ISMIR 2020 - Late Breaking/Demo Submission - Demo Website

By Ethan Manilow and Bryan Pardo


We introduce a simple method that can separate arbitrary musical instruments from an audio mixture. Given an unaligned MIDI transcription for a single target instrument from an input mixture, we synthesize the target instrument and create a data set of local augmentations in the space around our input mixture. Using this data as our ground truth labels, we train a small neural network to perform a surrogate separation that is “overfit” to our generated augmentations of the one song. When this model applied to the original mixture, we show that this method can successfully separate out the desired instrument. 1) separate instruments with access to only unaligned MIDI, 2) separate arbitrary instruments, and 3) get results in a fraction of the time of existing methods.

Paper Link

Audio Demos

NOTE: Both demos are monophonic and sampled at 16 kHz. We recommend listening on headphones.

Take On Me by A-ha

We want to isolate the famous synthesizer melody in the mixture. This bespoke network was trained on mixtures of the Synthesized Target and the Input Mixture below:

Name Audio Comments
Input Mixture Mix contains drums, bass, the synth melody and a synth counter melody.
Synthesized Target Synthesis is close but doesn’t quite match the true melody in the mix.
Bespoke Output Bespoke output isolates the desired source.
Spleeter Output (“other” source) Spleeter’s output has more bleed from the other synthesizer countermelody.
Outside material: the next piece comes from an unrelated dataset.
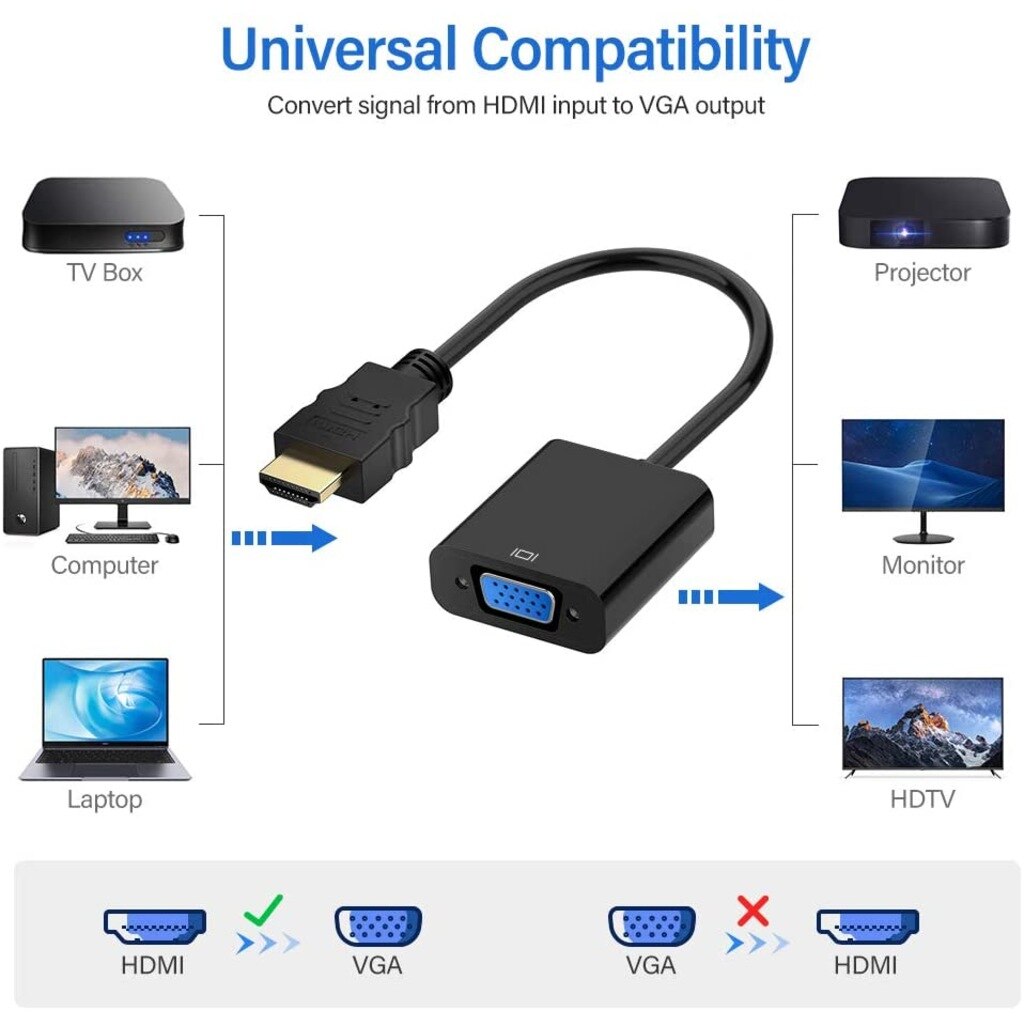 Hdmi to VGA Çevirici Kablo - Siyah
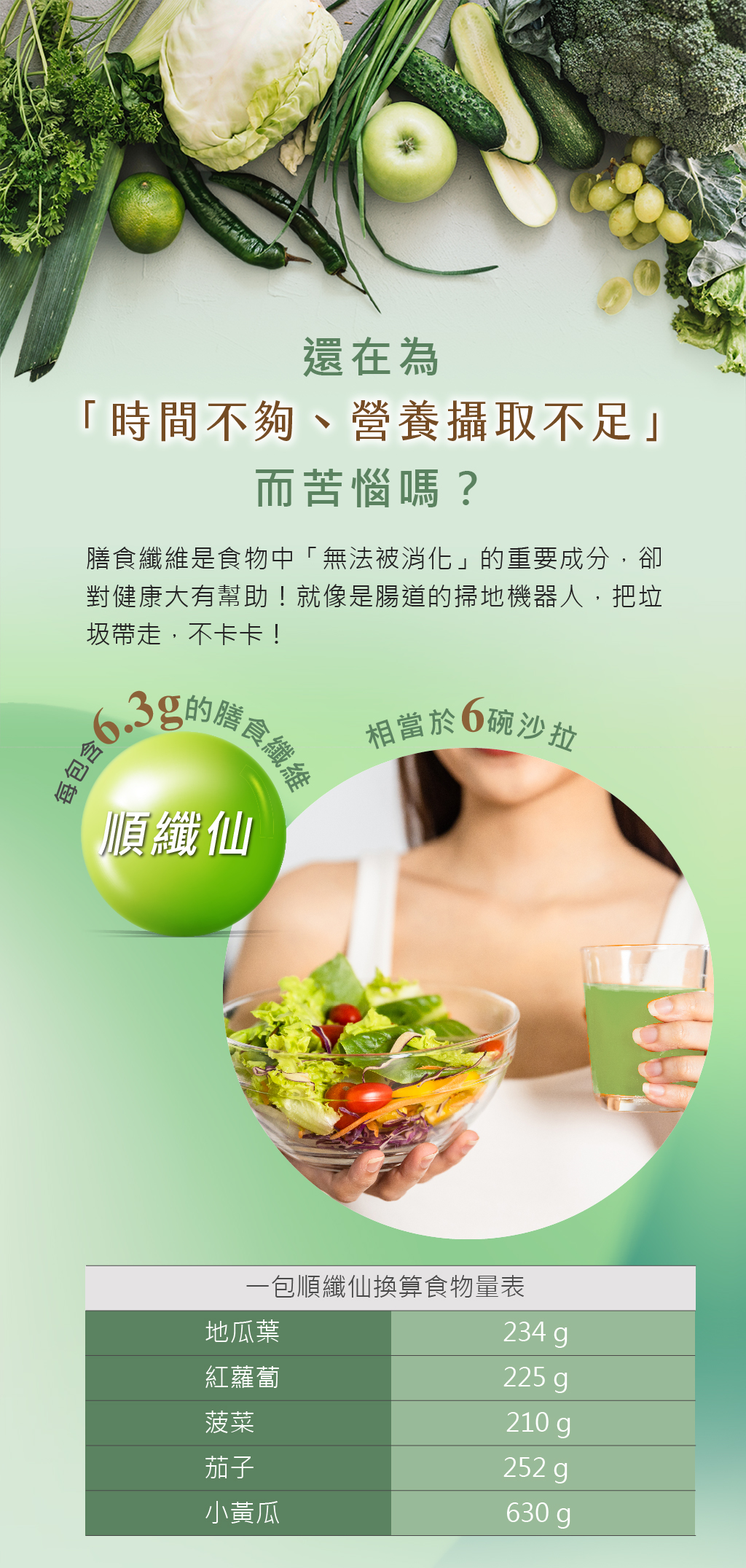 順纖仙銷售頁-06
Reelin’ in the Years by Steely Dan

We want to isolate just one of the two guitars playing a melody in diatonic thirds. An example of the Synthesized Target and the Synthesized Background that the bespoke network was trained are provided below. The transcriptions were found online.

Name Audio Comments
Input Mixture Mix contains piano, drums, bass, two guitars playing in diatonic thirds.
Synthesized Target The transcription that was synthesized is not aligned nor are the notes all correct (some notes are wrongly embellished at ~10sec).
Synthesized Background The transcriptions that were synthesized are not quite perfect and missing the rhythm guitar. They also sound quite cheesy and very unlike the input mixture.
Bespoke Output While the bespoke output isolates the desired source, it has quite a few artifacts.
Spleeter Output (“other” source) Spleeter’s output has lots more bleed from all other instruments in the mix, including the other guitar playing in the diatonic thirds.